Un foulard sur la tête, les yeux embués de larmes, Latifa Ibn Ziaten s'avance vers la barre. C'est la mère d'Imad Ibn Ziaten, le premier militaire assassiné par Mohamed Merah. Elle a voulu dire au frère du terroriste tout le mal qu'il lui a fait : « Regarde ce que j'ai donné à la société : une famille digne, bien élevée, bien éduquée. Il a fallu que quelqu'un gâche ce bonheur et cette réussite avec mes enfants. Aujourd'hui, on vit, mais on vit difficilement. Ce que je garde d'Imad avec moi, c'est toujours son béret. »
Aujourd'hui, comme beaucoup de familles, elle veut opposer l'amour à la haine. Musulmane, elle ne reconnaît pas la religion des frères Merah. « La vengeance, la colère, n'apportera rien. Je pense qu'Abdelkader Merah, chaque moment, chaque jour où il se retrouve seul, il doit voir le mal qu'il a fait. Mais il ne vit pas sur la même planète que nous, cette homme-là », juge-t-elle.
Comme Latifa Ibn Ziaten, Samuel Sandler, père de Jonathan et grand-père d'Arié et Gabriel, tous les trois assassinés par le jeune meurtrier, a tenu à s'exprimer ce mercredi. « Ce que je voulais dire, confiait ce dernier à la sortie, c’est qu'une partie de ma famille a été déportée.
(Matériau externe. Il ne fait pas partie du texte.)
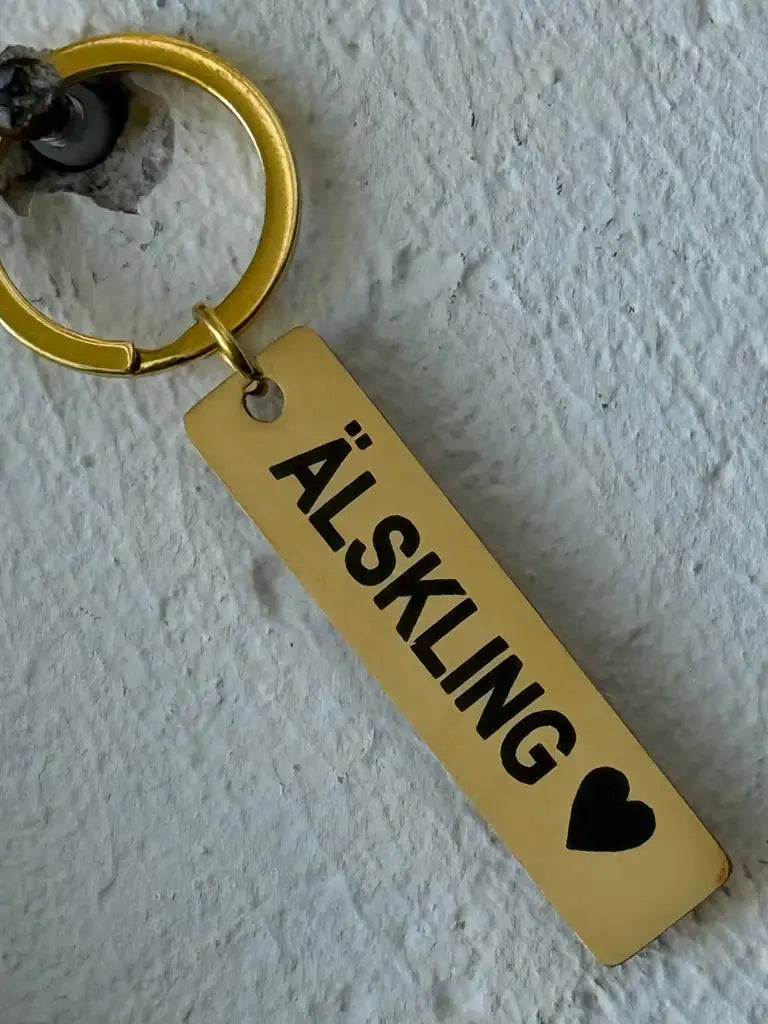 Nyckelringen | Älskling by Express-presentatör är en nyckelring i guld med en rektangulär tagg, med laseretsat "ÄLSKLING" och ett svart hjärta, som visas hängande mot en vit vägg med textur.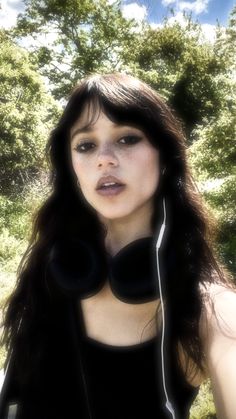 a woman with headphones standing in front of trees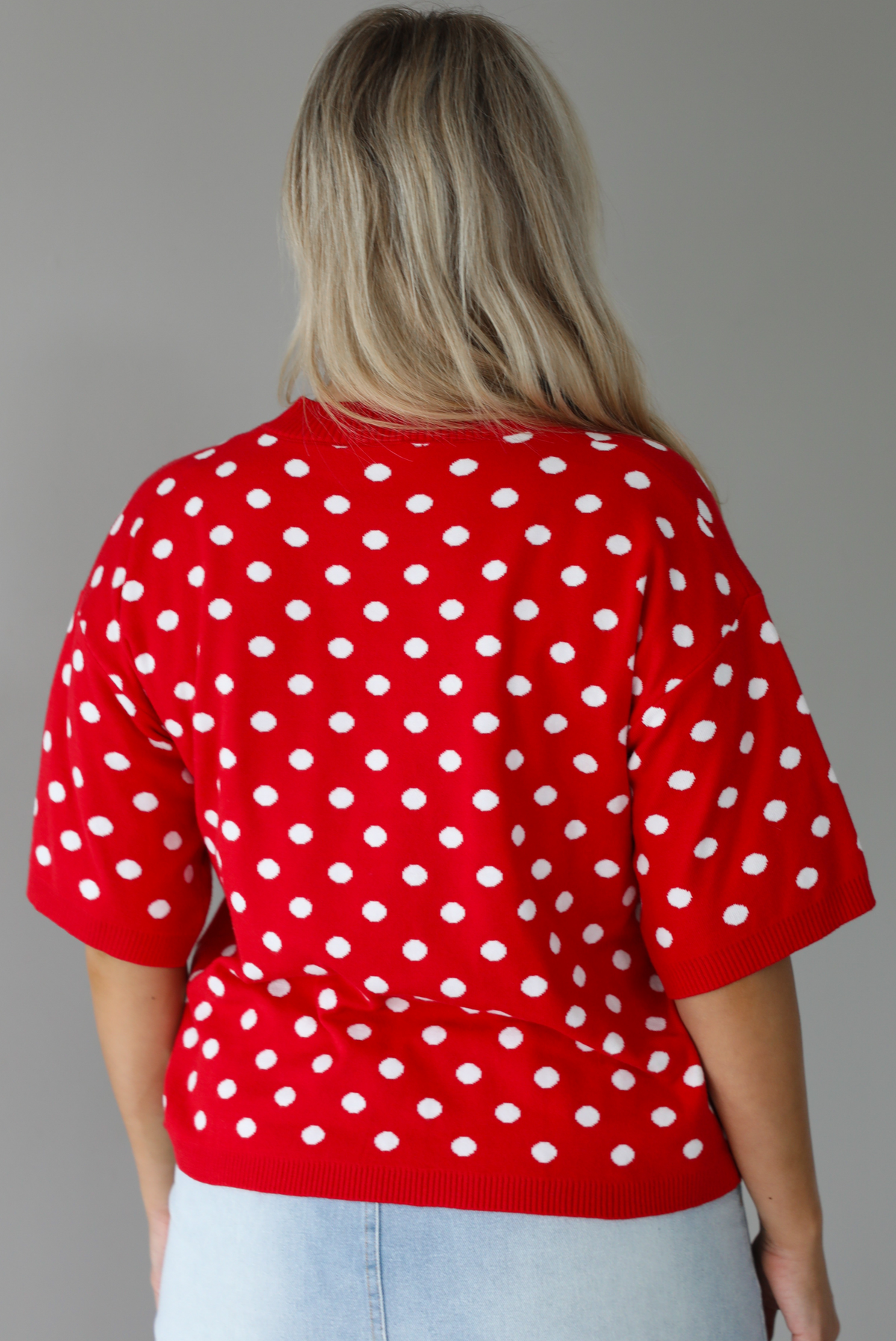 Woman wearing a red knit top with a white polka dot print pattern throughout with a high waisted, light-wash denim skort. The photo is taken indoors against a white wall and shows the back of the top. 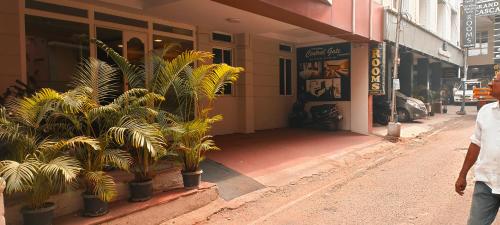 a man walking down a street in front of a store at CENTRAL GATE in Chennai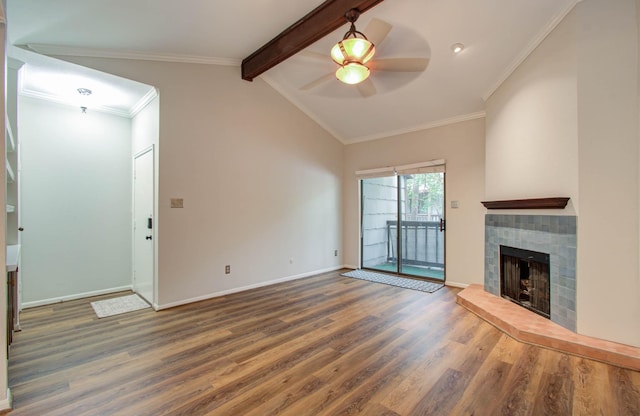 unfurnished living room with lofted ceiling with beams, ceiling fan, dark hardwood / wood-style floors, and a tiled fireplace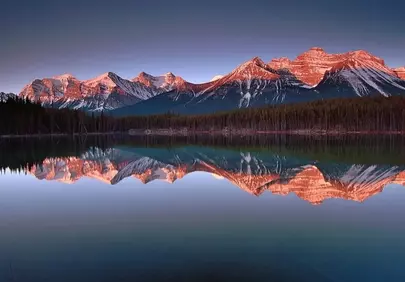 Breathtaking Alpenglow: Herbert Lake's Mirrored Mountain Majesty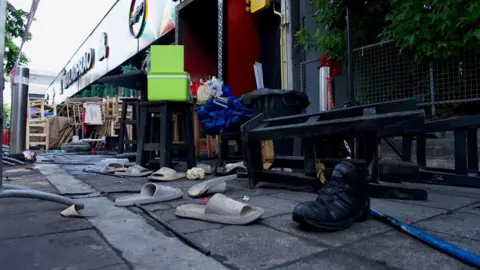 BBC/Lulu Luo Pairs of slightly charred slippers strewn on a street outside the bar, with high stools in the background.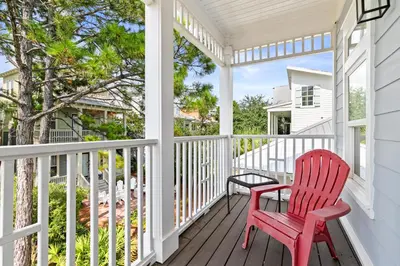 a red rocking chair sitting on a porch at Big Kahuna Beach House in Santa Rosa Beach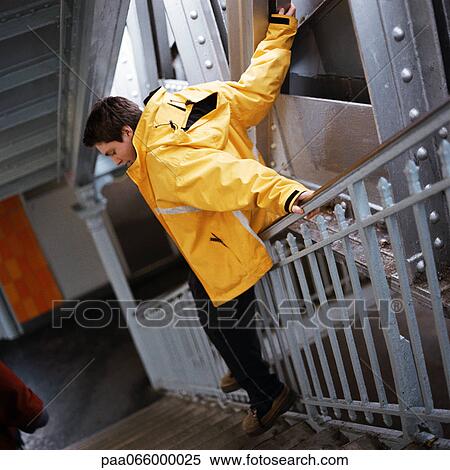Teenage boy in raincoat sliding down handrail in stairway View Large Photo Image Stock Photography - Teenage boy in raincoat sliding down handrail in stairway. Fotosearch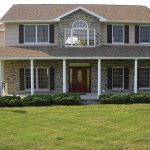 a large brick house with a large lawn in front of it .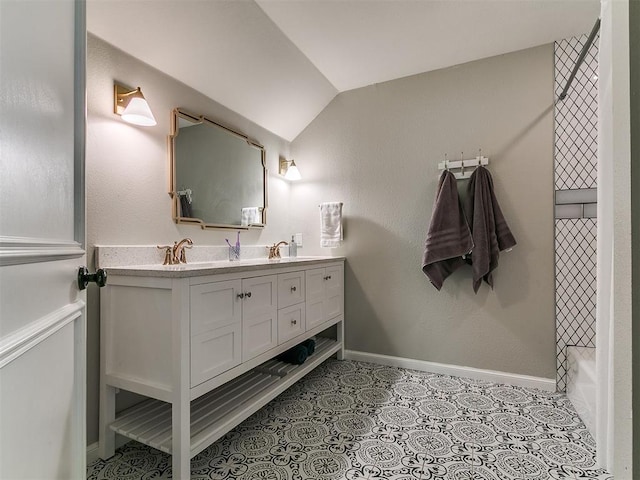 402 Hunters Ct, Edmond, OK 73034 - full bathroom featuring double vanity and vaulted ceiling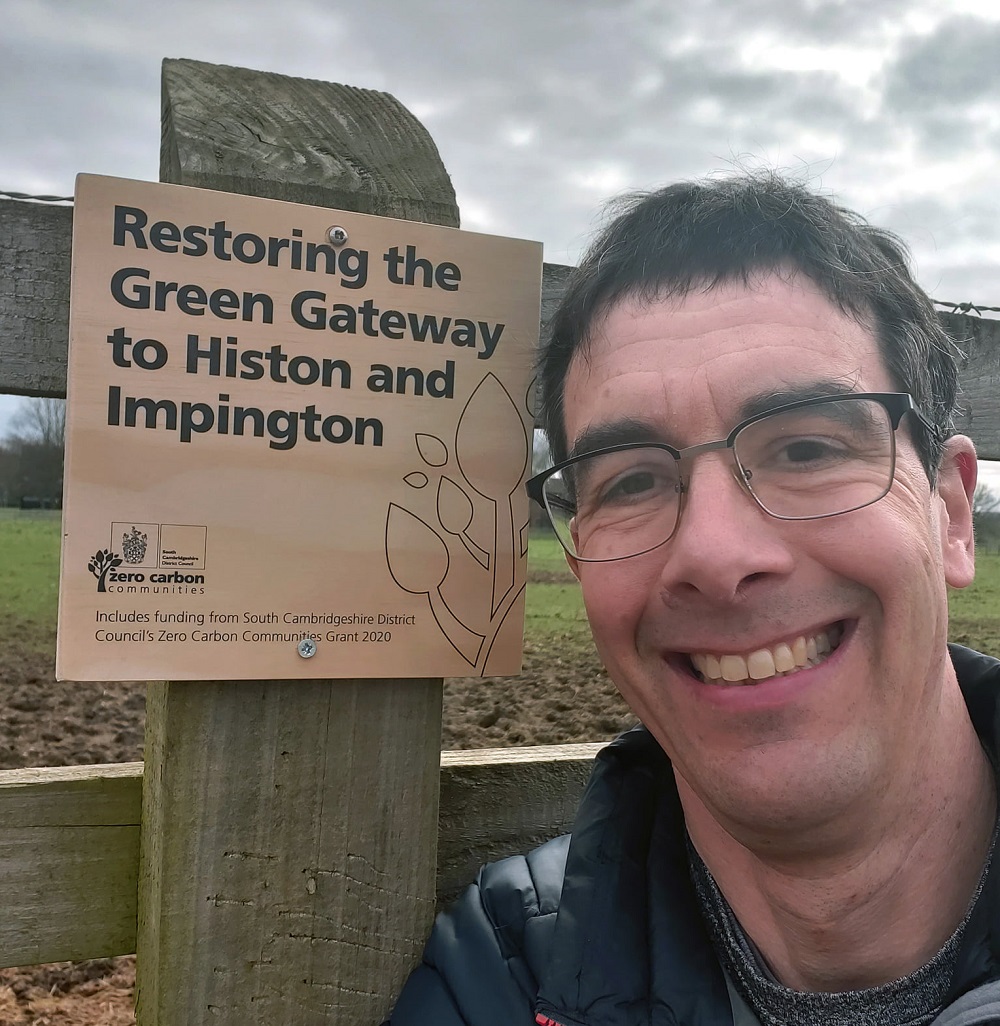 Photo of Dan next to Green Gateway sign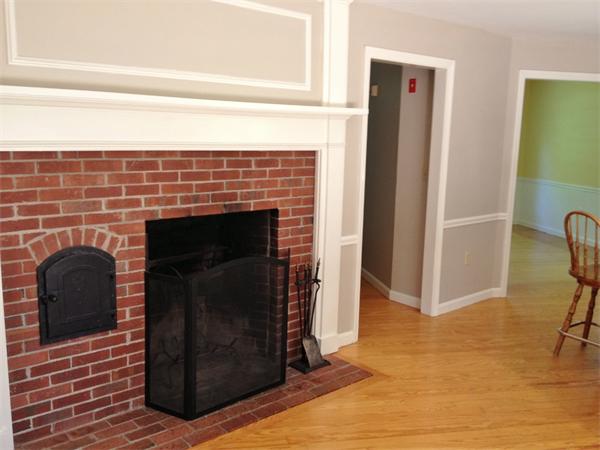14 Johnson Road Sterling, MA 01564 - Photo 6 of 22 a living room with a fireplace in it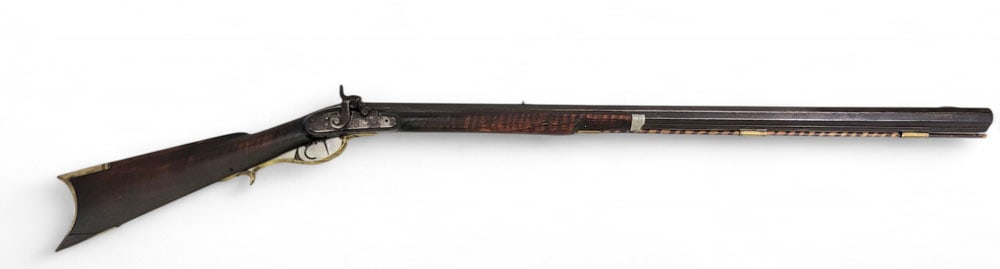NATIONAL ROAD SCHOOL FULL-STOCK RIFLE: Possibly James Teaff Jr. (b. 1827), Steubenville, mid-19th century. Full curly stock, 41" octagonal barrel, approx. 40 cal., elaborate brass patch box. 55" long overall. See Hutslar, Ohio Gunsmiths &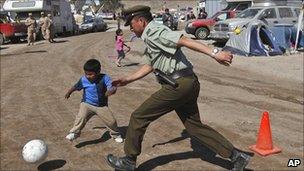 A police officer and child play football at the camp where relatives of trapped miners wait for news in Copiapo, Chile on Sunday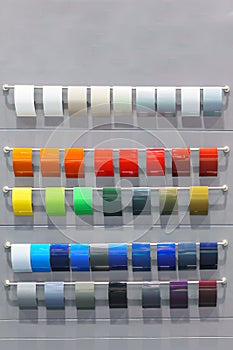 Color paint chart to choose color hue in car showroom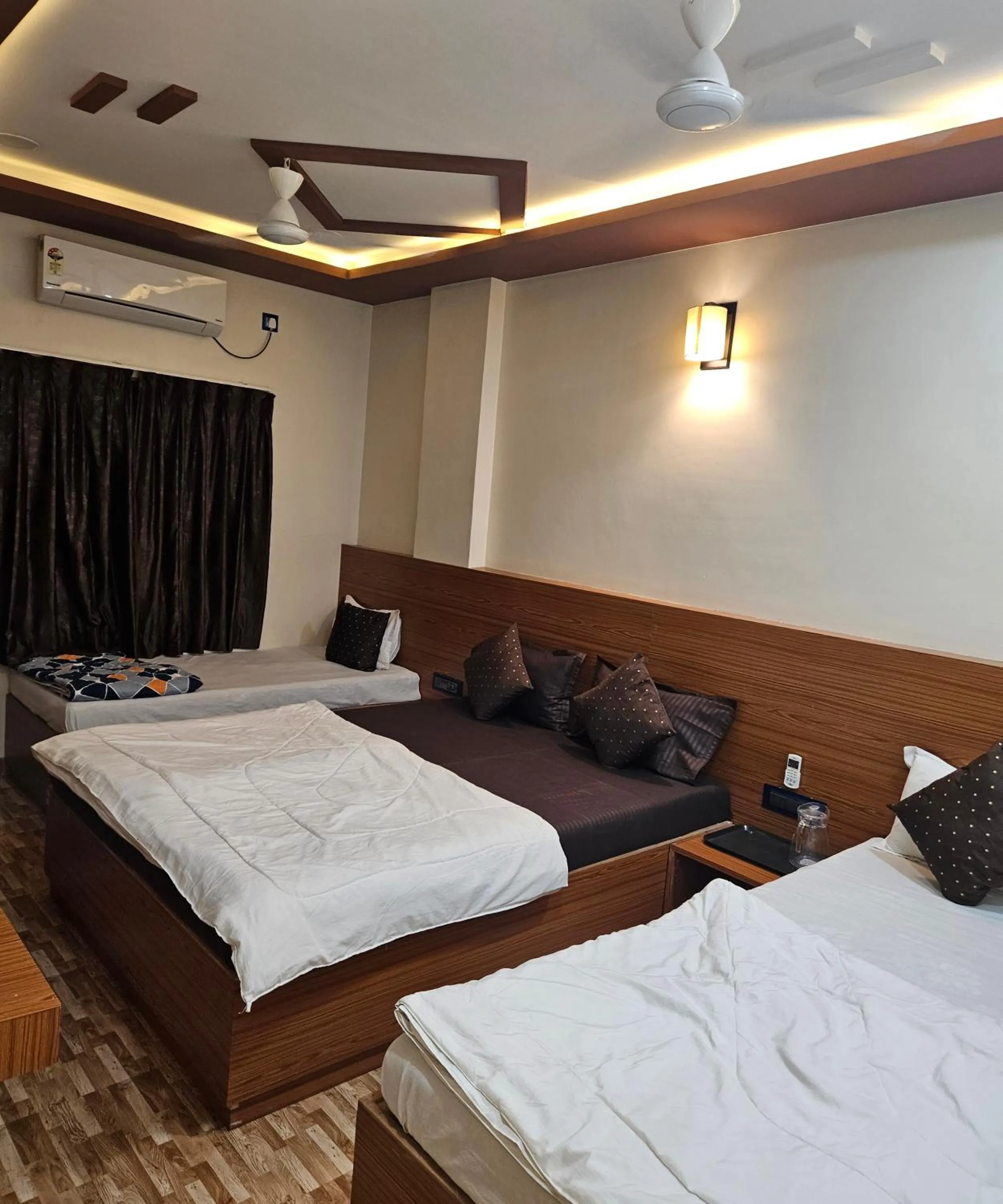 Bed in Hotel Sai Dakshina Inn & The Fern Restaurant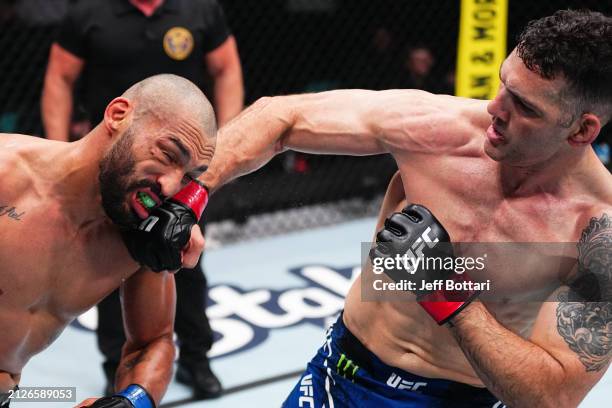 Chris Weidman punches Bruno Silva of Brazil in a middleweight bout during the UFC Fight Night event at Boardwalk Hall Arena on March 30, 2024 in...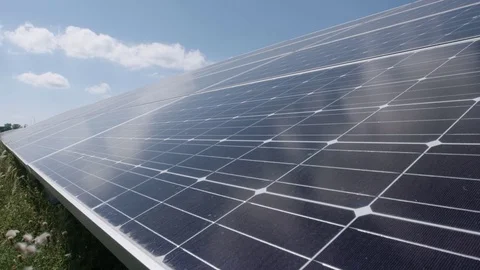 Tracking slider shot of solar panels generating renewable energy 動画素材 78041755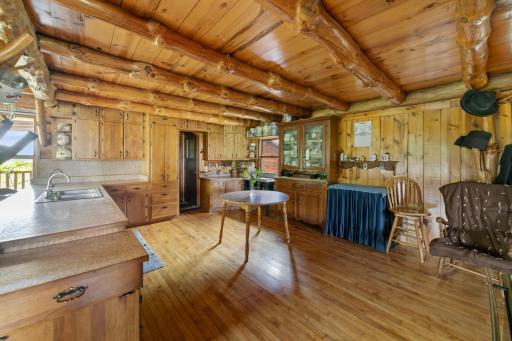 Another view of the kitchen showing cabinets and short hallway to a large pantry.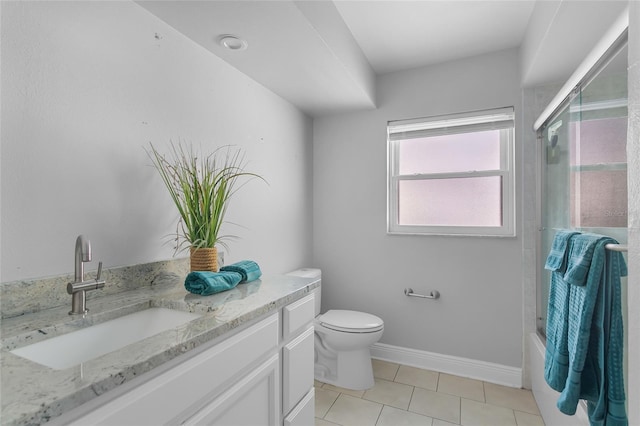 full bathroom featuring tile patterned flooring, vanity, toilet, and bath / shower combo with glass door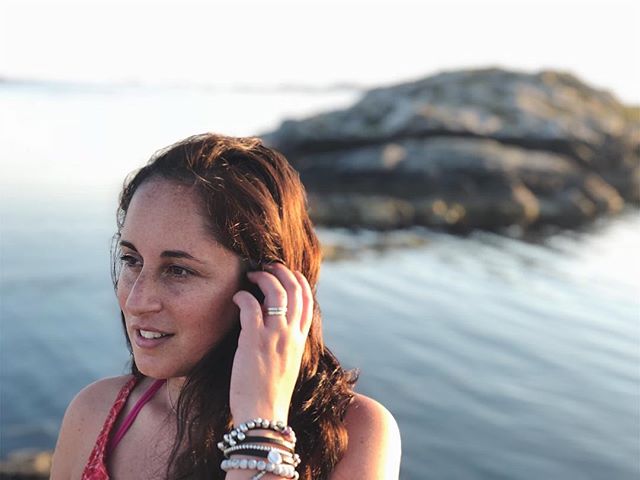A woman looks out at the ocean wearing bracelets and a ring with a rock in the background.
Et je me suis dit au fond de moi-même : maintenant, on est en France, plus jamais on n’assassinera un enfant français ou des enfants français parce qu’ils sont de religion juive. Jusqu’à ce jour de mars 2012... »
« Je me suis souvenu d’une phrase d’André Malraux pendant la Seconde Guerre mondiale, explique Samuel Sandler. "C’est la première fois que les hommes donnent des leçons à l’enfer." Cette journée du 19 mars était pire que l’enfer. » « D’ailleurs, les nazis ont toujours caché leurs crimes. Lui, l’assassin, il en était fier, il a filmé, il a fait un montage ! J’ai entendu dire aussi, par plusieurs témoins, qu’il avait un maître à penser - autrement dit, un maître à tuer - et que c’était le frère qui était actuellement ici. Pour moi, ce n’est rien d’autre qu’un petit Eichmann de banlieue. »
Toute la journée, des dizaines de parties civiles se sont ainsi succédé à la barre. Abdelkader Merah, lui, les bras croisés derrière les vitres du box des accusés, n'a rien laissé paraître.